Comment by JumpCrisscross

11 days ago

> sounds all very unsubstantiated. Speculation it seems to me

What part of the study strikes you as unsubstantiated?

Every part is unsubstantiated. For starters, for the vast majority of H. Sapiens existence on earth--from 300,000 years ago to about 45,000 years ago, we shared the world with 4 or 5 other hominids that we know about. (Neanderthal, Denisoven, H. Luzonensis, H. Floresiensis, and still perhaps a few H. Erectus, and no doubt even more we haven't found yet.)

That's 250,000 years of coexistence. We know that we sheboinked with at least two other species, probably more, because we still carry their genes to this day. So much so that it couldn't have been just a sheboink or two; we sheboinked over extended periods of time, i.e. we formed families with Neanderthals and Denisovens.

We have no evidence of warfare between the species. I.E. We have found no Neanderthal skull with an arrowhead in it, for example. Besides the fact that we are the only ones left, I don't see any substantiation at all.

It is a mystery why they are not still here. But the last 50,000 years, since the end of the last Ice Age, has been very hard on human species, for some reason.
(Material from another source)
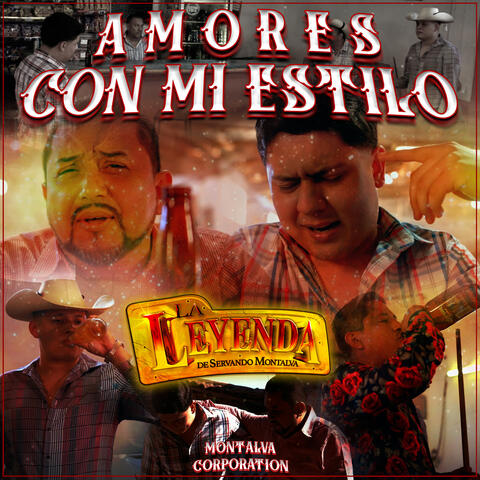 Amores Con Mi Estilo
We are the only humans left, what every got them might get us too if we let it.

  • > We have no evidence of warfare between the species.

    Thats not correct.

    We have a neanderthal slain by spear, at a time and place where it was only carried by modern humans. [0]

    This isn't a singular event. We have a history on injuries consistent with war, on both sides.

    Yes, we "sheboinked". We also took women as prizes of war and raped them. As humanity has continued to do for most of their history.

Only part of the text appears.